Essa camada invisível está no coração de qualquer produto bem definido. Se você vende as especificações técnicas do motor da furadeira em vez da garantia de um buraco perfeito e sem esforço na parede, o seu messaging está quebrado na origem. E nenhuma verba de mídia paga vai consertar isso.
O Produto Como Um Guarda-Chuva Estratégico: Bens, Serviços, Ideias e Experiências
Uma das contribuições mais úteis da teoria de Marketing é a expansão estruturada do que consideramos “produto”. Para os acadêmicos, o conceito funciona como um guarda-chuva estratégico que abriga categorias que, à primeira vista, parecem muito distintas entre si, mas que obedecem à exata mesma lógica de troca de valor no mercado.
Se analisarmos as transações modernas, podemos categorizar o que vendemos em frentes muito claras:
1. Bens Tangíveis
São os produtos físicos clássicos: um carro, um notebook, equipamentos industriais pesados, itens de supermercado. Podem ser tocados, estocados, transportados, inventariados e, via de regra, depreciam com o uso e o tempo. Historicamente, foram o foco central de todo o Marketing industrial e do varejo tradicional no século XX.

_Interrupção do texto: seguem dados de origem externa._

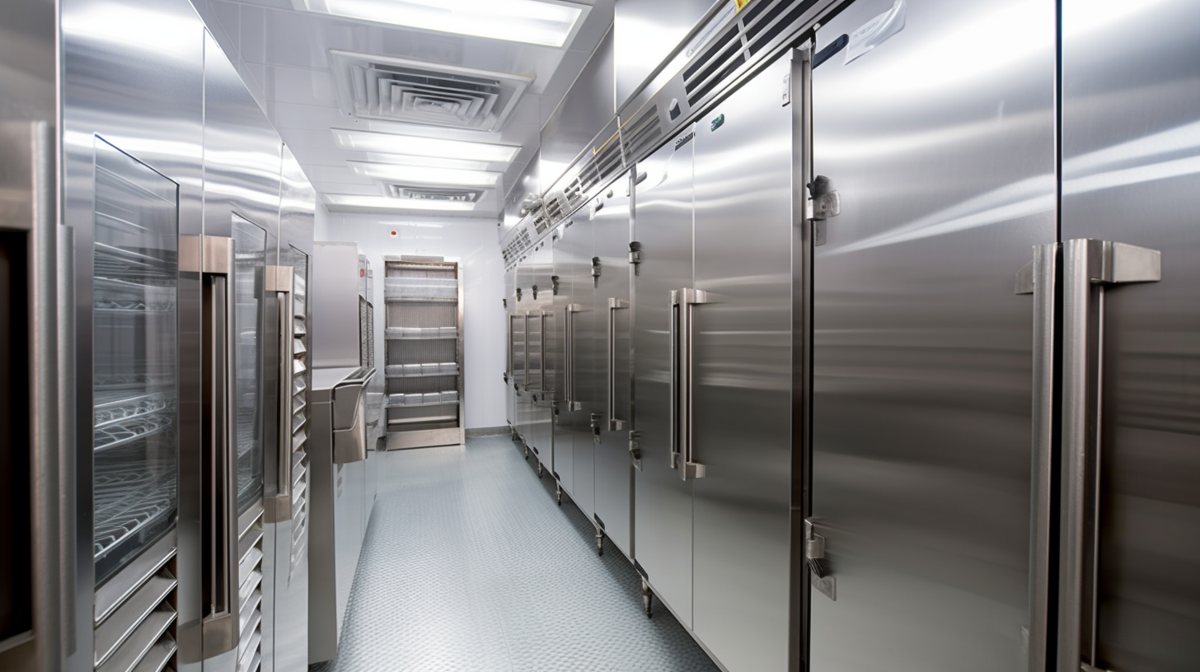 Stainless-steel shelving inside a KryoFridge refrigeration trailer rented for Reno cold storage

O desafio brutal aqui é que a tangibilidade acelera a comoditização. Quando dois notebooks de marcas diferentes têm o mesmo processador, a mesma memória RAM e o mesmo tamanho de tela, a guerra inevitavelmente vai para o preço, a menos que a marca construa valor intangível em outras camadas, como design aspiracional, atendimento premium ou ecossistema fechado (olá, Apple).
2. Serviços
São atividades, benefícios ou satisfações puramente intangíveis oferecidas para venda e que não resultam na propriedade legal de algo. Uma consultoria complexa de implementação de software, uma viagem aérea internacional, um serviço mensal de streaming de vídeo, uma sessão de mentoria executiva.
A intangibilidade do serviço traz desafios cruciais de posicionamento e vendas. Como você prova a qualidade de algo que o cliente não pode ver, tocar ou testar fisicamente antes de assinar o contrato e começar a pagar?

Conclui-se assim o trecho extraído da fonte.